Bogota, Colombia and Goshen, Indiana, USA – Leaders of Anabaptist/Mennonite healthcare institutions and healthcare professionals will hold a conjoint international meeting during an international leadership summit 20-21 July 2015, under the sponsorship of Mennonite World Conference and Mennonite Health Services.
The summit’s sponsors state that leaders from Anabaptist/Mennonite-affiliated healthcare institutions have not gathered in this way before, and other health professionals have seldom participated in similar inter-disciplinary meetings. Meeting participants will address topics such Anabaptist theology and health, women's health, health technology, end-of-life health care, Anabaptist vision for global health, sustainability, and the culture of peace, church and hospital partnership in Zambia.

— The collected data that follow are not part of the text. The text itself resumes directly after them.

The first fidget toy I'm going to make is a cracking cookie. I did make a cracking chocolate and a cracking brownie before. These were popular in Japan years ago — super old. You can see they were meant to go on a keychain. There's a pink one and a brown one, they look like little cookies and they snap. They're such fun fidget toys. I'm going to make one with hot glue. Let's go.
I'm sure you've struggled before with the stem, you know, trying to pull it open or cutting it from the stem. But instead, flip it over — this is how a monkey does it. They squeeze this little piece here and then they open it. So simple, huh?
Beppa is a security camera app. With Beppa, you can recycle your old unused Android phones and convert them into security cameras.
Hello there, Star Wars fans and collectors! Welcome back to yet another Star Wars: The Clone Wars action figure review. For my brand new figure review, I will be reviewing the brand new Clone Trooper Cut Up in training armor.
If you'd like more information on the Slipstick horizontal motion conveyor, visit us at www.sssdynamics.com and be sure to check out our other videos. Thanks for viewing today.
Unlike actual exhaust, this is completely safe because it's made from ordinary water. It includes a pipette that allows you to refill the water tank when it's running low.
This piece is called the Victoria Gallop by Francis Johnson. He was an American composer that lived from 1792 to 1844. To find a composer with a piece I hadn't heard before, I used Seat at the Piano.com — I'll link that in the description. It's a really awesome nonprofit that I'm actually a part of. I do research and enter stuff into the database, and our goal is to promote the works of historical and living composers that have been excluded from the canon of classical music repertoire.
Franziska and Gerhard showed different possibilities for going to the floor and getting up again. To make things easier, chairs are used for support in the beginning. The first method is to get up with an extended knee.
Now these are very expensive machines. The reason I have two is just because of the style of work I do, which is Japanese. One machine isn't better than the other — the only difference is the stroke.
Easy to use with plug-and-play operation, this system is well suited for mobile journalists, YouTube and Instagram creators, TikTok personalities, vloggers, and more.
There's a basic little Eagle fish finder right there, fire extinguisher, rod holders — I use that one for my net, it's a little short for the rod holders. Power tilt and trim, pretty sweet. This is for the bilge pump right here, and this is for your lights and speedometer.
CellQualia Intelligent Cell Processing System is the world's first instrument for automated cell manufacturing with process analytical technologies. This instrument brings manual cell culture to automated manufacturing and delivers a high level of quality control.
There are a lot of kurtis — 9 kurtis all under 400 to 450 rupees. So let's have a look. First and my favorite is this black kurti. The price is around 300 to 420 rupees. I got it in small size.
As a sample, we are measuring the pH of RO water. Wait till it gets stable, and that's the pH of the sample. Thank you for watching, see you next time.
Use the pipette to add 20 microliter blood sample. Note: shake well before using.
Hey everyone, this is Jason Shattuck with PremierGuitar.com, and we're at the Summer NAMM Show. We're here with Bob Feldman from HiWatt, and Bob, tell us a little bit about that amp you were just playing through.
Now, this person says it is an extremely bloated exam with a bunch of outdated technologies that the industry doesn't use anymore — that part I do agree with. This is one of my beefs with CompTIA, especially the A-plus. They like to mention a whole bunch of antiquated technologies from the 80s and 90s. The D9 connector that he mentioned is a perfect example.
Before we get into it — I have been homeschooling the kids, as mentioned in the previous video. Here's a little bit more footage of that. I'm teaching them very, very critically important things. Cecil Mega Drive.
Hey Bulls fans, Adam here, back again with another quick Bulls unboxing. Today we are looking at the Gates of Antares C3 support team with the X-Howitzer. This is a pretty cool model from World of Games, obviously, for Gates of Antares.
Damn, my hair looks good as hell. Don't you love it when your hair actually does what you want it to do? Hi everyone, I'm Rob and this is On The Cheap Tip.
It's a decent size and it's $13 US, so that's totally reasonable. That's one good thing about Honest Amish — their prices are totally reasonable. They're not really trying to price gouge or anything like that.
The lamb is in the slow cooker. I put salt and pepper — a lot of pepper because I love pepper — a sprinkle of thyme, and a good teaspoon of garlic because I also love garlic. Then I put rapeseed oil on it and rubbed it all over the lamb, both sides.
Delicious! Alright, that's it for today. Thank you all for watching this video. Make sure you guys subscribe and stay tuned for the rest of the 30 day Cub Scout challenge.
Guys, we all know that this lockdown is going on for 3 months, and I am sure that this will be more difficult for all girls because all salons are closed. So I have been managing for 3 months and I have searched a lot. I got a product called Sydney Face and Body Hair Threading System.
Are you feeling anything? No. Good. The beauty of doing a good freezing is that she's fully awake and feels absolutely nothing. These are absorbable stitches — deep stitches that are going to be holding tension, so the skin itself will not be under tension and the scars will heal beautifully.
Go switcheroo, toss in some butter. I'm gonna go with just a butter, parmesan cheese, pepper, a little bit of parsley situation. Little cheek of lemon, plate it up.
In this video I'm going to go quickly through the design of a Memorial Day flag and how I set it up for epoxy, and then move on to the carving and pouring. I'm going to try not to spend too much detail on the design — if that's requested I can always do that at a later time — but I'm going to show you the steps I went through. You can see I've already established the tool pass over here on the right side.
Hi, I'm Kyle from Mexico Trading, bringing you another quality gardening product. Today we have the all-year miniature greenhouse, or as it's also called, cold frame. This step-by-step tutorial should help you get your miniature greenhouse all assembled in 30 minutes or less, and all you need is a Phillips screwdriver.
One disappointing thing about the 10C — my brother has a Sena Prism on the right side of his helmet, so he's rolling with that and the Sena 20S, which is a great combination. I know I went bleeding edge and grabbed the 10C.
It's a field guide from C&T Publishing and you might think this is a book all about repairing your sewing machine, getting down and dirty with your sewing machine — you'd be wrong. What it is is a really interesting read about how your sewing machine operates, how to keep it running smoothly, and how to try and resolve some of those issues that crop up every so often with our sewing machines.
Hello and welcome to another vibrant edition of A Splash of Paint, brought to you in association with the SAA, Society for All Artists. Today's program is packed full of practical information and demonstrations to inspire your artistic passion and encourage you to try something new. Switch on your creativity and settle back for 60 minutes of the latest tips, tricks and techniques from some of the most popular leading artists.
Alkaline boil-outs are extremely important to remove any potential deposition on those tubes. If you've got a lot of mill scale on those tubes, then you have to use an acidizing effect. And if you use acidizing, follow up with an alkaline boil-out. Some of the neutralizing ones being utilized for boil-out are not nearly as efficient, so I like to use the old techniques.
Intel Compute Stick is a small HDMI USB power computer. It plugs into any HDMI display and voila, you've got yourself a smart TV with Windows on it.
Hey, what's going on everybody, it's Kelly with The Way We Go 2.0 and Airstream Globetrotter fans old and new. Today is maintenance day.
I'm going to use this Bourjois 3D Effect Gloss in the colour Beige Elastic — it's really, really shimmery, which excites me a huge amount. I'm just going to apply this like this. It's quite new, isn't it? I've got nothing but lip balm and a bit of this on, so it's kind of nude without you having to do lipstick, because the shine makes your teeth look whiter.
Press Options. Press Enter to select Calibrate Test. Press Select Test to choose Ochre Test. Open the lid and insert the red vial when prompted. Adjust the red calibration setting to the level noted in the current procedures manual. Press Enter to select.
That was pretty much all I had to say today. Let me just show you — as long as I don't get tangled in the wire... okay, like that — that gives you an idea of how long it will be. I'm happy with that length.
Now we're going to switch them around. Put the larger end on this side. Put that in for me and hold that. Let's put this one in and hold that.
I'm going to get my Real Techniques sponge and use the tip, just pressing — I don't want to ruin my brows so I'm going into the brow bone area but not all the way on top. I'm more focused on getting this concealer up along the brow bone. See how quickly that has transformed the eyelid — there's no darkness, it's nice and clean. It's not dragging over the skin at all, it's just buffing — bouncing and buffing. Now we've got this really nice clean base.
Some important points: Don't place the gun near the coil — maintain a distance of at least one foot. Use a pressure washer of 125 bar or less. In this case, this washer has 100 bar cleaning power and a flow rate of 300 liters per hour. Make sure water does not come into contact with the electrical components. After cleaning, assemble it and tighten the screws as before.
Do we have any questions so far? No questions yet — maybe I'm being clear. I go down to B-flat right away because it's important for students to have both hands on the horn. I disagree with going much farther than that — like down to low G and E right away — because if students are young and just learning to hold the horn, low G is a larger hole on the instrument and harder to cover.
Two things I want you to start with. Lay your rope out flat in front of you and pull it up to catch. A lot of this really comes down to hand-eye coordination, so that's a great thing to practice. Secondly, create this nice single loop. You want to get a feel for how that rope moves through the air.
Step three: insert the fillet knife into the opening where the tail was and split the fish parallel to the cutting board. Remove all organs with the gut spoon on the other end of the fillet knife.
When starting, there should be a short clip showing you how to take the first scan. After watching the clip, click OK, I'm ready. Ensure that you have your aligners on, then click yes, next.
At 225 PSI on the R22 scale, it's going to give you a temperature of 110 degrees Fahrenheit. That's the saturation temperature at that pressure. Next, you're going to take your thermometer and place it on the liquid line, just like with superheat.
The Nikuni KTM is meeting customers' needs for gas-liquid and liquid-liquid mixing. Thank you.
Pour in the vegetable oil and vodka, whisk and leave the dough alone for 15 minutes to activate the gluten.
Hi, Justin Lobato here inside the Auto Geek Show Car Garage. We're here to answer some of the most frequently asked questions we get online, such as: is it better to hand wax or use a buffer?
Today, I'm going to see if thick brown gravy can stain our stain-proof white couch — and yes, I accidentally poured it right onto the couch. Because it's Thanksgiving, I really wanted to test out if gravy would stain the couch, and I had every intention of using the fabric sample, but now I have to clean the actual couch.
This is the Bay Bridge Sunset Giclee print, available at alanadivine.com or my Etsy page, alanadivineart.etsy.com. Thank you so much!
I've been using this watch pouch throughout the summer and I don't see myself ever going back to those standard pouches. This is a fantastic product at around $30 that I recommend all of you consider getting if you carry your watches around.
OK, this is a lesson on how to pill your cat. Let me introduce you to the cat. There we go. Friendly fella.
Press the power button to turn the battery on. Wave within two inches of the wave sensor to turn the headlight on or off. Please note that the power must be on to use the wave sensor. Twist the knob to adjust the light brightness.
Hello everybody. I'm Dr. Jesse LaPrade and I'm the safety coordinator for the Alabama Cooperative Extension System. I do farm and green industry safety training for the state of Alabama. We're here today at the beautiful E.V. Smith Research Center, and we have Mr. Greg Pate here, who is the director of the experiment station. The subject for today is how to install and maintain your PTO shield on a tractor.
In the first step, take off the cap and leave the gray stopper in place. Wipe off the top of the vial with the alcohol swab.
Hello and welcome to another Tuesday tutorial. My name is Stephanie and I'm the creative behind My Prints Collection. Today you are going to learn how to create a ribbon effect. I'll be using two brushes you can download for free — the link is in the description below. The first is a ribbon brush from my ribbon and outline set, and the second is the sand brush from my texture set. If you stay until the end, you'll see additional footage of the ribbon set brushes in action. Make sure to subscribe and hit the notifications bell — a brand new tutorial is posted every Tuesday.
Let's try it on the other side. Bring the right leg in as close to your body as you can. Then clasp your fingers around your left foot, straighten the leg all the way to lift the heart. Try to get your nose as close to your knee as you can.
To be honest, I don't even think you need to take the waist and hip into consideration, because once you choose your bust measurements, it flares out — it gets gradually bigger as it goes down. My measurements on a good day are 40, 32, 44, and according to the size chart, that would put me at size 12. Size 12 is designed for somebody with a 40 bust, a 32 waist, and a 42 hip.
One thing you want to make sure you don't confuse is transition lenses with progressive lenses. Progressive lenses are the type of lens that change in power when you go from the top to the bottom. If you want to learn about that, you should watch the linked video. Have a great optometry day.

They will also discuss a vision for creating a Mennonite World Conference-based global health network.
Today more than 150 Anabaptist-affiliated health and human service institutions serve others around the world as a truly global witness. Some of these organizations are large, mature, and complex. Others are small and less institutional. But all share a common commitment to expressing the love of Christ in caring service.
The 2015 summit will build on conversations begun in 2003 at the Mennonite World Conference Assembly in Bulawayo, Zimbabwe. Approximately 60 persons attended with representation from countries throughout the world, with most participants being physicians.
César García, General Secretary of Mennonite World Conference, said, “Come join us. Let’s walk together on the road of healthcare. Let’s stand in an interdependent and cross-cultural way with those who are sick and suffering. Let’s enjoy the hope that brings together a compassionate, global community to support those who need to be touched by God’s healing."
Rick Stiffney, President and Chief Executive Officer of Mennonite Health Services, said, “The witness of the broad Anabaptist/Mennonite community of faith is a witness that cares for the whole person – body, mind, and spirit. The church, wherever it has flourished, has developed healthcare ministries, schools, and other expressions of justice and peace.”
Stiffney added, “In era when many religious communities are fracturing, healthcare ministry – the loving care for others – can draw us together in common cause. Common cause can offer us opportunities to reach out to others for encouragement, prayer, sharing best practices, and building relationships for peer learning.”
Stiffney concluded, “This leadership summit will afford participants an excellent opportunity to build a network of deeply committed healthcare leaders and professionals who know that we stand stronger together than when we stand alone.”